I did not envisage the impact of the failure of several finance companies, which had taken deposits off people who believed their investment was 'safe as' and who had no idea the level of risk they were taking with their hard-earned money. Some financial advisers received higher than usual commissions for recommending some of those products; some financial advisers did not undertake a proper assessment of their clients' appetite for risk, or if they did, they ignored it; some financial advisers did not tell people what the level of risk was; and some financial advisers did not tell people that the risk they were taking was considerably higher than the rate of interest they were receiving and for the difference in return they might as well put their money in the bank.

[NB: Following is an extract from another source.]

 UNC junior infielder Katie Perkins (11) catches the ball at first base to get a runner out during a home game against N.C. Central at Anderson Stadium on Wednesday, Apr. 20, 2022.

All of a sudden the organisations that were so keen to be approved professional bodies could see that they couldn't sustain the level of disciplinary work that might arise each year, with a fragmented APB system. I agreed, but rather than limit the number of APBs I decided to go back to Cabinet and get approval for the discussion document that signalled a shift to a single regulator, namely the Securities Commission. A co-regulatory outcome could not have survived the level of mistrust and anger that exists amongst an investing public who feel they have been betrayed. My regret is that I wasn't alert to this before the Financial Advisers Bill was drafted.
In terms of the future, this new legislative framework will be an important element in the task of restoring confidence to our markets – confidence that has been shaken to its core. It is true that what is happening in New Zealand is occurring overseas, but that is cold comfort to those New Zealanders who have either lost their hard-earned money or have seen it frozen, for how long they can only guess, and with no guarantee that they will get it all repaid. Winning back confidence off the back of this experience is going to be very hard indeed and it is not something that the government can do alone. That is one reason that we have established the Capital Markets Development Taskforce, so that the private sector can partner with government in terms of finding the solutions that will enable our capital markets to grow.
So that is my response to the questions asked by the conference organisers – I am happy to respond to any others you may have.